Mais bon, au fond, comment tu décris les choses, nous sommes d'accord.
Pour ma part, même si tes arguments sont très intelligents et très bons. Je pense que travailler dans la solitude absolue fait grandir plutôt que se perdre en discussion stérile.
Tu évoquais, il y a peu, le travail de remise en question, que tu disais placer au centre de ta démarche - ce qui est, à n'en pas douter, une attitude très saine à condition d'en user avec modération ; or, le dialogue est par essence décentrement de soi, et quelle meilleure manière de se remettre en question ? N'oppose pas à la solitude (tu la dis "absolue", mais c'est chimère) la "discussion stérile", car c'est le refus de la discussion qui confine à la stérilité. Tu en est d'ailleurs conscient, au fond, puisque tu viens demander conseil ici, et plusieurs anecdotes que tu nous rapportes prouvent combien le contact avec autrui nourrit ton travail et ta motivation.

Bon courage à toi.
Oui j'en suis conscient et d'un autre côté il faut bien avancer.

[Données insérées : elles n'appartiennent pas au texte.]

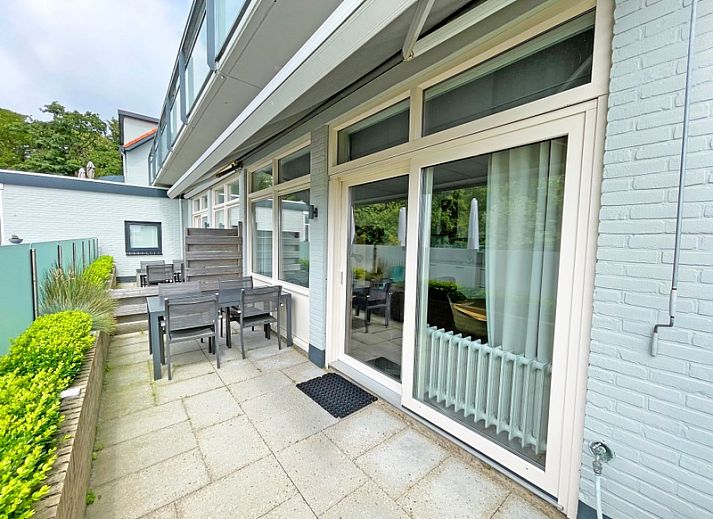 Cozy sitting area in Apartment Bos en Duin 02, De Dennen, Texel with comfortable sofas and cozy decorations.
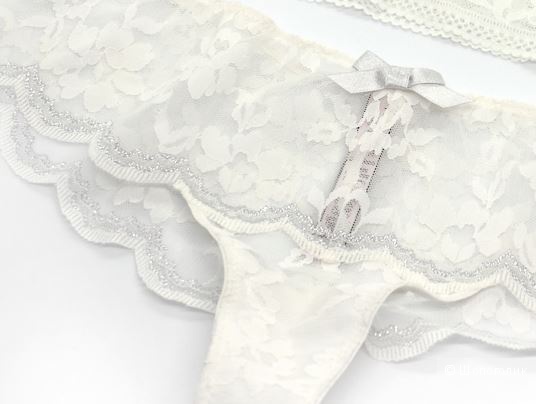 Комплект Victoria's Secret бралетт и трусики, размер S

Donc je dis ça un peu par "désespoir". Je ne vais pas attendre éternellement des retours sur mon travail, il faut avancer quand même (seul).
Aujourd'hui j'ai assisté à un colloque sur Kierkegaard, ça m'a vraiment donné de belles perspectives pour mon travail futur.

Bref, il semblerait malgré tout que tout cela soit en chemin.